Nov 20 2020
The most comprehensive coverage of air pollution in Britain, like never before, has been achieved by an innovative technique that integrates artificial intelligence with remote sensing satellite technologies.
The result of a new study under the guidance of the London School of Hygiene & Tropical Medicine (LSHTM) and reported in the Remote Sensing journal, the methodology offers precise evaluations of the concentrations of air pollution throughout Great Britain.
The model provides a magnificent level of details, with daily measurements in a 1 km x 1 km grid throughout the entirety of Great Britain.
The study findings denote that England’s South-East part is the most polluted region, and they find hot spots in industrial and urban regions. Promisingly, the results also demonstrate a cumulative decline in air pollution in Great Britain in the past 10 years.
According to the team, this innovative method could completely transform the evaluation of exposure to air pollution and the insights into the associated health risks, by connecting exposure maps and health databases throughout the country.
At present, researchers depend on ground-based monitors to quantify air pollution. But these are scarcely situated, predominantly concentrated in urban areas, and do not always take measurements constantly.
This implies there are no countrywide air pollution records precise enough to be utilized in epidemiological analyses to assess health risks.
As part of this research, the team employed a novel methodology that involves using artificial intelligence and satellite-based data to evaluate the everyday exposure of humans to fine particles of air pollution from 2008 to 2018.
The researchers merged readings from the present-day ground-based monitors with data received from earth observation satellite instruments, offering information on aerosols suspended in the air, weather patterns, vegetation cover, and land use.
Moreover, they integrated data from other sources, such as road density, population density, and the location of airports.
By making use of advanced machine learning algorithms, the researchers integrated the datasets to generate estimates of the ground-level concentration of fine particulate matter (below 2.5 μm in size, PM2.5), one of the most hazardous air pollutants. They segregated Great Britain into grid cells and acquired daily pollution series for the period 2008 to 2018.
This research uses the power of artificial intelligence to advance environmental modelling and address public health challenges. This impressive air pollution dataset represents PM2.5 records for 4,018 days in a spatial domain of 234,429 grid cells. This provides a remarkable total of 950 million data points that comprehensively quantify the level of air pollution across the whole of Great Britain in an eleven-year period.
Dr Rochelle Schneider, Study First Author, London School of Hygiene & Tropical Medicine
The study findings were cross-validated by matching the estimates generated by the model to measurements obtained from specific ground-based monitors and were determined to be in close agreement.
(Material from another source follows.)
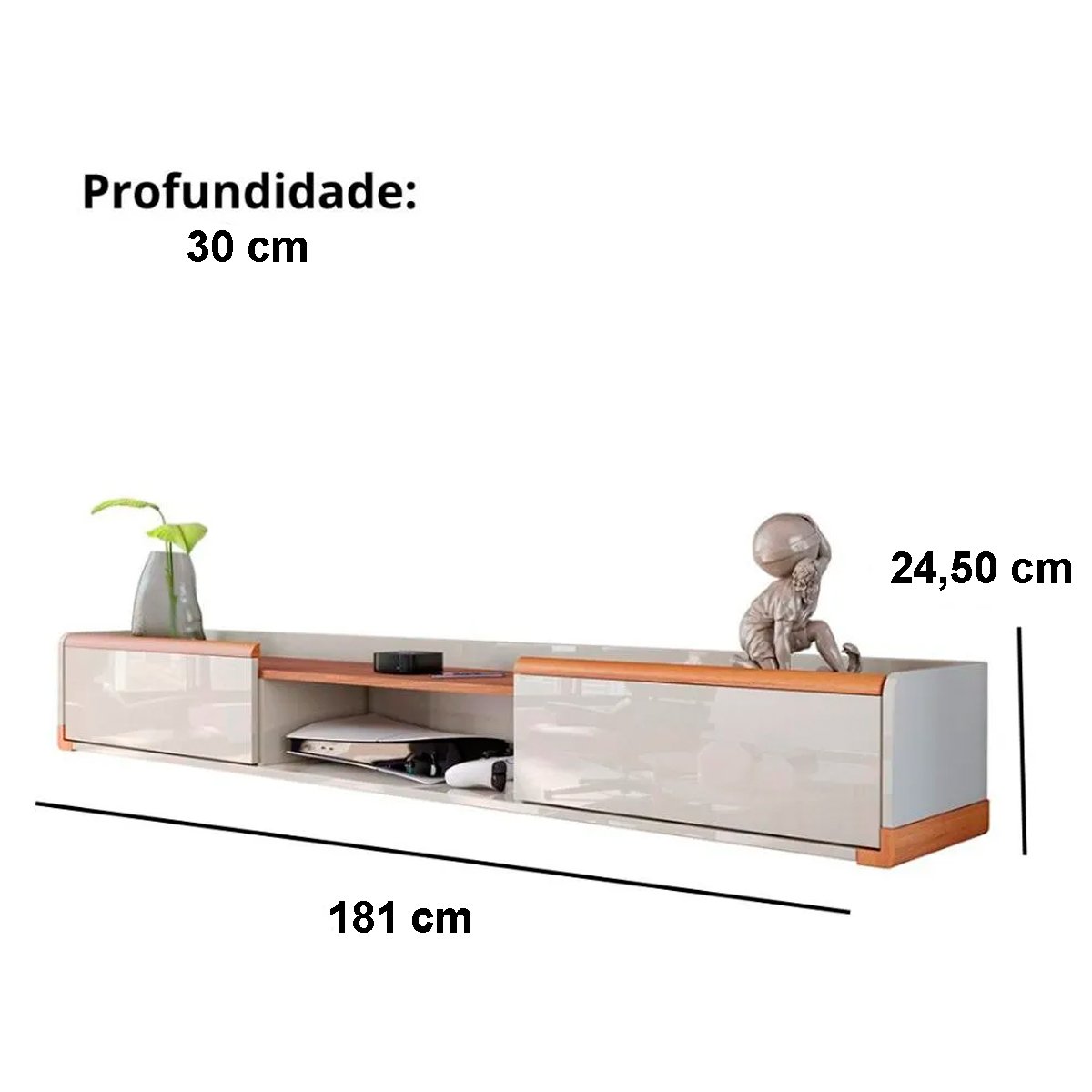 Rack Bancada com Painel para Tv de até 75" com Led Ariel Jequitiba/Off White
Currently, the team plans to integrate the data with local health records. This linked data will be utilized in advanced epidemiological analyses to unravel a highly granular picture of the link between air pollution and health outcomes throughout Great Britain.
This study demonstrates how cutting-edge techniques based on artificial intelligence and satellite technologies can benefit public health research. The output reveals the shifting patterns of air pollution across Great Britain and in time with extraordinary detail.
Antonio Gasparrini, Study Senior Author and Professor of Biostatistics and Epidemiology, London School of Hygiene & Tropical Medicine
Gasparrini added, “We now hope to use this information to better understand how pollution is affecting the nation’s health, so we can take steps to minimise the risk. The vast amount of data produced will provide a vital tool for public health researchers investigating the effects of air pollution.”
The World Health Organization reports that seven million deaths occur annually worldwide due to air pollution, which leads to lung cancer, lung disease, strokes, and heart disease.
This innovative method has combined the strengths of different data sources to give accurate and comprehensive estimates of air pollution exposure, including ground-based sensors, satellite data, and model reanalyses developed by ECMWF as part of the EU Copernicus programme.
Dr Vincent-Henri Peuch, Director, Copernicus Atmosphere Monitoring Service, European Centre for Medium-Range Weather Forecasts
“Dr Schneider and co-authors convincingly demonstrate its performance over Great Britain, paving the way for many future studies into the health effects of air pollution,” added Dr Peuch.
According to Dr Pierre-Philippe Mathieu, Head of Phi-lab Explore Office at European Space Agency (ESA), “It’s exciting to see data from Earth observation satellites being used in public health research to advance our understanding of the intricate relationship between health and air quality, improving lives in Great Britain, Europe and the rest of the world.”
The research has been restricted by the fact that the technique could not reliably recover air pollution levels from years before 2008, due to the limited number of PM2.5 monitors available.
Besides, the model’s performance can be minimal in remote areas where coverage of ground monitoring network is limited. The LSHTM group intends to expand this model and rebuild high-resolution data of other air pollutants.